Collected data
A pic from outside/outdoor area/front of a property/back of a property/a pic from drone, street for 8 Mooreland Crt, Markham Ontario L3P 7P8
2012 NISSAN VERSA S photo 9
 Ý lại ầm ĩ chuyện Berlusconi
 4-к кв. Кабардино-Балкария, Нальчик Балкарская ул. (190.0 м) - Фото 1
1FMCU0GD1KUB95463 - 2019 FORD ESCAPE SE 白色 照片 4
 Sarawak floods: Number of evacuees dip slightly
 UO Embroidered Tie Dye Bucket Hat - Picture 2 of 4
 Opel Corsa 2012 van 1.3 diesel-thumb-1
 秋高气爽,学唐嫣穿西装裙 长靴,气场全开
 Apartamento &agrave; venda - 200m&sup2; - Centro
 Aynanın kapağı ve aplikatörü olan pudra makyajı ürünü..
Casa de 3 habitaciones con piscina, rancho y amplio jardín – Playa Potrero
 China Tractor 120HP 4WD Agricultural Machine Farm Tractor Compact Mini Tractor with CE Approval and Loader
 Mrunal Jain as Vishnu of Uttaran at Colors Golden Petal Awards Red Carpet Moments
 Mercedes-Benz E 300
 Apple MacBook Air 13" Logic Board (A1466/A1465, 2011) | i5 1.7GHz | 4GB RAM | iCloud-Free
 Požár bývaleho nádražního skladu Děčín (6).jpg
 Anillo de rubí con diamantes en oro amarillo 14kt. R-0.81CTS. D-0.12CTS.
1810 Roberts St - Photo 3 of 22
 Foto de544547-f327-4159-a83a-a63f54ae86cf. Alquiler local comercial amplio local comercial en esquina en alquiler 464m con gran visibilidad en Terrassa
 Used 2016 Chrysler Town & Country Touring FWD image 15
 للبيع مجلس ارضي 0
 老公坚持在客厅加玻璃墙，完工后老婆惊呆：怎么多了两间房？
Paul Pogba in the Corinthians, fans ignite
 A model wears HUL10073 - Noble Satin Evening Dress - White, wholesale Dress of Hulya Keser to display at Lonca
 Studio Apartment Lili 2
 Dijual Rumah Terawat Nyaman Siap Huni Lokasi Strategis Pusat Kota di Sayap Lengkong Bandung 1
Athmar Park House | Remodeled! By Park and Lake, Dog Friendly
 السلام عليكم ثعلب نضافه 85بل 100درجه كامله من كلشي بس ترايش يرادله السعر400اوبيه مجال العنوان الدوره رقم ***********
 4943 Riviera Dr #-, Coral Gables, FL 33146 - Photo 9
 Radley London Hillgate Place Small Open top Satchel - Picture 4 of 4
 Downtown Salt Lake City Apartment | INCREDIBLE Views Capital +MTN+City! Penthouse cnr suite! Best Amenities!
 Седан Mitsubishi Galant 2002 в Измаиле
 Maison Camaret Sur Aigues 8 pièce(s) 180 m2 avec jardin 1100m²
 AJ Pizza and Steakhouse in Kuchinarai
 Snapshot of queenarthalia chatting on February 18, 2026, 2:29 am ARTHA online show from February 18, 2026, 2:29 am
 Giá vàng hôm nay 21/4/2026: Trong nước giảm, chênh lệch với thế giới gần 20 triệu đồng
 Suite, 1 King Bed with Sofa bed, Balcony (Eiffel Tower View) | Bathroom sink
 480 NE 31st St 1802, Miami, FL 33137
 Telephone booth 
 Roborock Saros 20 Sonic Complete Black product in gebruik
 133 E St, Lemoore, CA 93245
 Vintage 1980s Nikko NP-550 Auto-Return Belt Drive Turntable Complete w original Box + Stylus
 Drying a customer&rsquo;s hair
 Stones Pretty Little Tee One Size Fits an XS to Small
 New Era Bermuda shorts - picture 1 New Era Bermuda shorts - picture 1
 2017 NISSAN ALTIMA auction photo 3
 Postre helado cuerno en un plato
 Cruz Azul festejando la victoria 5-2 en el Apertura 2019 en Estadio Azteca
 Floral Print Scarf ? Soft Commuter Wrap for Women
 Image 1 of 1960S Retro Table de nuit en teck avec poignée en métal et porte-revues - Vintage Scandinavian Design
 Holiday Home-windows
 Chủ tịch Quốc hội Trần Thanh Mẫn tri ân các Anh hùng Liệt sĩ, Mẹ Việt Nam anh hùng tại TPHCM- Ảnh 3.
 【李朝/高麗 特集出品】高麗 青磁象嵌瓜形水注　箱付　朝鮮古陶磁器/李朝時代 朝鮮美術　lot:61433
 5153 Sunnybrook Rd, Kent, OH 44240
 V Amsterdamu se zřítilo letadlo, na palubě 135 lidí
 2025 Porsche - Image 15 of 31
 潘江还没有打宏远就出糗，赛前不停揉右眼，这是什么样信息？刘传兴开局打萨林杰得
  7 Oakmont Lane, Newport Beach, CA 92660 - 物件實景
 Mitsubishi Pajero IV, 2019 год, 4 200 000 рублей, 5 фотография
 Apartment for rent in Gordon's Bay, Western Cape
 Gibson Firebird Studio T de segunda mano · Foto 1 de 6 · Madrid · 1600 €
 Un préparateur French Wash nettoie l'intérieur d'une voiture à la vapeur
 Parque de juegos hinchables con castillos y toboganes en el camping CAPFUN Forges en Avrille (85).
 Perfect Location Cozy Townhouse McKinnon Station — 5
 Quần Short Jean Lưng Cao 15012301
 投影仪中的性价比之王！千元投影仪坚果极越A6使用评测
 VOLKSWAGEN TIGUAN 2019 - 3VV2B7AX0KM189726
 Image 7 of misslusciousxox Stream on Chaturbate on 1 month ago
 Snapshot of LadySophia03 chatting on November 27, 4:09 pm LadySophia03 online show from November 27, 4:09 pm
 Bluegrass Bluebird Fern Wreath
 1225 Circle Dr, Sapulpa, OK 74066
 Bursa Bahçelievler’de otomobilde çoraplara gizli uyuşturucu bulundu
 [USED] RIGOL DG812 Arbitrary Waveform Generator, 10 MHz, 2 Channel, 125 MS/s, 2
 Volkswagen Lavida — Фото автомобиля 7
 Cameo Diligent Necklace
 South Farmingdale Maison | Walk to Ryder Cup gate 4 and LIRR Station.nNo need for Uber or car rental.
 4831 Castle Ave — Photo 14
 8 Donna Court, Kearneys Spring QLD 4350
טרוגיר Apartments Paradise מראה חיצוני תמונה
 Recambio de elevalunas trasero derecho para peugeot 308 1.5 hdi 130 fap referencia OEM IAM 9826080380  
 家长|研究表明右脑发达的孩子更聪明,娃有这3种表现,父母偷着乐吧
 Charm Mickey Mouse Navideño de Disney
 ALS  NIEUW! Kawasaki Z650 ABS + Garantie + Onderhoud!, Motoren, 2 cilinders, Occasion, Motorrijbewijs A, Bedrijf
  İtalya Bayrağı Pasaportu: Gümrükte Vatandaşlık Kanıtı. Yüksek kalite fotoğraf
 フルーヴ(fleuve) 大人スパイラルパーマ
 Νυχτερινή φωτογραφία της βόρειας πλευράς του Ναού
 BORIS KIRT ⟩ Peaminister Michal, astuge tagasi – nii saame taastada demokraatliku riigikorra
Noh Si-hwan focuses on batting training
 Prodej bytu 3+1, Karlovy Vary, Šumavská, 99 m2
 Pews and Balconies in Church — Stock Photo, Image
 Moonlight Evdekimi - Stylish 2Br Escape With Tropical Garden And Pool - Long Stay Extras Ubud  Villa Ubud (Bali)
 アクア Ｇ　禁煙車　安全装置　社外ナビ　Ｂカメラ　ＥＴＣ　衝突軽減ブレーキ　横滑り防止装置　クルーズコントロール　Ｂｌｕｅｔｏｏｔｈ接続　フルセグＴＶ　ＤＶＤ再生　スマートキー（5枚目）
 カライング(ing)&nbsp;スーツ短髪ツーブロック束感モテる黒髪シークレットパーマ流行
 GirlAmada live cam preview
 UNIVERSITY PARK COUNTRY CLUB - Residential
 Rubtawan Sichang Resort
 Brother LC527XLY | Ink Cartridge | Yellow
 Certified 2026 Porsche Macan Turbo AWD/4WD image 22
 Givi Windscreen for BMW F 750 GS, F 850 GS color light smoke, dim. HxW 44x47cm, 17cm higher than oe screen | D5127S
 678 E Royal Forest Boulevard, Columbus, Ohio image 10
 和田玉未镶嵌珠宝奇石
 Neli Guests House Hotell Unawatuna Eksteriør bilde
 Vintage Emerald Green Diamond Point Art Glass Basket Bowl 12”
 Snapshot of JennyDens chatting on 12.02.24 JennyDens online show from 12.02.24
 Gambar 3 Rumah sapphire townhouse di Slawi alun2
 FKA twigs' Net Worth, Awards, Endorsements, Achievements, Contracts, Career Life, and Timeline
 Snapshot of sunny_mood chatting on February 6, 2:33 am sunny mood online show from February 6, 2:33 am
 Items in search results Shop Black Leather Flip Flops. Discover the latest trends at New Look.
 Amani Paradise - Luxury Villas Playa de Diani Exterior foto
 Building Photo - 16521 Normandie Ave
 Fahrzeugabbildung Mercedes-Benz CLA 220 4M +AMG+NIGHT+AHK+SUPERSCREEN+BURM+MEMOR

DIRECTIONS
Look above for the line with "Roborock Saros 20"; retype exactly that line, every line after it up to the line with "Cameo Diligent Necklace", and that line too, nothing else.

ANSWER SPACE
 Roborock Saros 20 Sonic Complete Black product in gebruik
 133 E St, Lemoore, CA 93245
 Vintage 1980s Nikko NP-550 Auto-Return Belt Drive Turntable Complete w original Box + Stylus
 Drying a customer&rsquo;s hair
 Stones Pretty Little Tee One Size Fits an XS to Small
 New Era Bermuda shorts - picture 1 New Era Bermuda shorts - picture 1
 2017 NISSAN ALTIMA auction photo 3
 Postre helado cuerno en un plato
 Cruz Azul festejando la victoria 5-2 en el Apertura 2019 en Estadio Azteca
 Floral Print Scarf ? Soft Commuter Wrap for Women
 Image 1 of 1960S Retro Table de nuit en teck avec poignée en métal et porte-revues - Vintage Scandinavian Design
 Holiday Home-windows
 Chủ tịch Quốc hội Trần Thanh Mẫn tri ân các Anh hùng Liệt sĩ, Mẹ Việt Nam anh hùng tại TPHCM- Ảnh 3.
 【李朝/高麗 特集出品】高麗 青磁象嵌瓜形水注　箱付　朝鮮古陶磁器/李朝時代 朝鮮美術　lot:61433
 5153 Sunnybrook Rd, Kent, OH 44240
 V Amsterdamu se zřítilo letadlo, na palubě 135 lidí
 2025 Porsche - Image 15 of 31
 潘江还没有打宏远就出糗，赛前不停揉右眼，这是什么样信息？刘传兴开局打萨林杰得
  7 Oakmont Lane, Newport Beach, CA 92660 - 物件實景
 Mitsubishi Pajero IV, 2019 год, 4 200 000 рублей, 5 фотография
 Apartment for rent in Gordon's Bay, Western Cape
 Gibson Firebird Studio T de segunda mano · Foto 1 de 6 · Madrid · 1600 €
 Un préparateur French Wash nettoie l'intérieur d'une voiture à la vapeur
 Parque de juegos hinchables con castillos y toboganes en el camping CAPFUN Forges en Avrille (85).
 Perfect Location Cozy Townhouse McKinnon Station — 5
 Quần Short Jean Lưng Cao 15012301
 投影仪中的性价比之王！千元投影仪坚果极越A6使用评测
 VOLKSWAGEN TIGUAN 2019 - 3VV2B7AX0KM189726
 Image 7 of misslusciousxox Stream on Chaturbate on 1 month ago
 Snapshot of LadySophia03 chatting on November 27, 4:09 pm LadySophia03 online show from November 27, 4:09 pm
 Bluegrass Bluebird Fern Wreath
 1225 Circle Dr, Sapulpa, OK 74066
 Bursa Bahçelievler’de otomobilde çoraplara gizli uyuşturucu bulundu
 [USED] RIGOL DG812 Arbitrary Waveform Generator, 10 MHz, 2 Channel, 125 MS/s, 2
 Volkswagen Lavida — Фото автомобиля 7
 Cameo Diligent Necklace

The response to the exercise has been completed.